Underage Drinking in Young Adult Book: A Guest Post

Please welcome to Feed My Need, Dana Vicktor!
Dana Vicktor is the senior researcher and writer for duedatecalculator.org. Her most recent accomplishments include graduating from Ohio State University with a degree in communications and sociology. Her current focus for the site involves pregnant women and teenage pregnancy.
Underage Drinking in Young Adult Books

The young adult market has really grown in the last few years and with the increased popularity there has been an increased scrutiny of the behaviors of characters in the stories.

Some young adult authors feel that they have a responsibility to their readers to teach them about the dangerous aspects of being a teenager, while others feel that everything should be a reflection of what their readers are experiencing or what they themselves went through. Underage drinking is one issue that has been addressed in several different ways through young adult literature.

Drinking in Books

Teenage drinking is fairly common in a wide variety of social circles, and it appears in a wide variety of young adult books. You can read about it casually in Sarah Dessen’s books or read about the side effects of it in Leaving Paradise by Simone Elkeles. Both of these authors acknowledge that drinking happens and neither shies away from the negative impact that the drinking may have on their characters. Sarah Dessen has not yet addressed drinking in one of her books as a definitive issue, although several of her books show the fall out that comes after drinking too much. Leaving Paradise is based on something that happens as a result of a drunk driving accident and how it permanently affects the lives of the two main characters in the novel.

What Is the Author’s Responsibility?

Many parents and other adults feel that it is their place to control what their children read and may be up in arms about the inclusion of drinking, drugs or premarital sex in books. They argue that this paints an unrealistic picture of the world that teens experience.

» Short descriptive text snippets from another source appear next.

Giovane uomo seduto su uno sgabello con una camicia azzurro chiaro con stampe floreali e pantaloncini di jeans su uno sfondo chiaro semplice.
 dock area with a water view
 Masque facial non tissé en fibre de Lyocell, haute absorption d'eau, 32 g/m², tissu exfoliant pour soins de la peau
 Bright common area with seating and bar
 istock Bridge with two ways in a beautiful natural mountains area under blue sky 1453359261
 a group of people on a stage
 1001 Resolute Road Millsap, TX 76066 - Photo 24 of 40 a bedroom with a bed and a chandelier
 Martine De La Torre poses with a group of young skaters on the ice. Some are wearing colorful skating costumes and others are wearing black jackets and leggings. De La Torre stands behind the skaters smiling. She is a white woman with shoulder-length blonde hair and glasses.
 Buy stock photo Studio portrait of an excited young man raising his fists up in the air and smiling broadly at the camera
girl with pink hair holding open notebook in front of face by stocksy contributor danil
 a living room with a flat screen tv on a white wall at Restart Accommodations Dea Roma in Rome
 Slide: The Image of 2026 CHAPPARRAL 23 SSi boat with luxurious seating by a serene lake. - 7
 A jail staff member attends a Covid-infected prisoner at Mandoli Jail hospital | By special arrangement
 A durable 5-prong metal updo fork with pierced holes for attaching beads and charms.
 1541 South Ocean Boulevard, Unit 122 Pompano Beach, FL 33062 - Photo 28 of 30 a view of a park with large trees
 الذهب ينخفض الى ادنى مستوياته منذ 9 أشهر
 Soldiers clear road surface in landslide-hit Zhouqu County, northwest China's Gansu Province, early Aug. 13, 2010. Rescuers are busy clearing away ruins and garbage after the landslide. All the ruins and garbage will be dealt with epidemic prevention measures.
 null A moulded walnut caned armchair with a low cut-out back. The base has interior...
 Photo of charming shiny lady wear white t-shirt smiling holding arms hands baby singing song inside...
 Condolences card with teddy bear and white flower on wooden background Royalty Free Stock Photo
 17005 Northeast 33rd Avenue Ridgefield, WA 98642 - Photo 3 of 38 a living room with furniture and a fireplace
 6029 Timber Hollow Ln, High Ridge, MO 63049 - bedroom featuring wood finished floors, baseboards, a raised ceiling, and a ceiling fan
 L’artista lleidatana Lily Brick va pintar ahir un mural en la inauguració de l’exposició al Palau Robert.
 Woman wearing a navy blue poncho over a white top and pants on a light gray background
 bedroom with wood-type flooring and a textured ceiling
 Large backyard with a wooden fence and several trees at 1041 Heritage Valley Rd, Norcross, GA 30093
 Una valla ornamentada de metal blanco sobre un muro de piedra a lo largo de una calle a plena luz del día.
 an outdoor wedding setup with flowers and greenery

However, books provide the perfect place for teenagers to read about the consequences of poor choices and bad behavior. It’s not realistic to assume that teens are not drinking, but if the author can subtly include better choices to go along with the drinking, you may be able to get the message out to teens. For example, several books I have read recently make it a point to have a designated driver at a party or for the teenager to call someone for a ride if they have been drinking. Also while not every drinking experience is going to lead to a negative outcome, it is important to show poor decisions that are made while drinking.

Should This Even Be an Issue?

Teenagers want to read books that they can relate to and drinking does happen on a regular basis at many teenager parties. It is important to look at the entire picture. Should underage drinking be part of the literature in teen books? It definitely has a place since it is part of the culture that currently exists. The same can be said about drugs and sex. Books provide a place for teenagers to think about and process the information separately. Drinking is not going to disappear just because the censors decide to ban all books that casually mention it. So while young adult authors should think about the drinking they are including in the books, it should not be cut out completely. Not every book is going to have teenagers drinking responsibility or should it, but the after math should be real to life both positive and negative aspects.

1 comment:

  1. I think the adults that ar arguing that portraying sex, drugs and drinking in YA books gives teens an "unrealistic picture of the world" are blinded to what is really happening.

    I'm all for using those issues in a healthy way and even using them as lessons (just not overly heavy handed ones) for the teens. I don't think glorifying drinking and drug use is ever okay, but no YA book I've read seems to have done that.

    If you had a book about contemporary teenagers and didn't address any of those issues, it would ring false to most teens.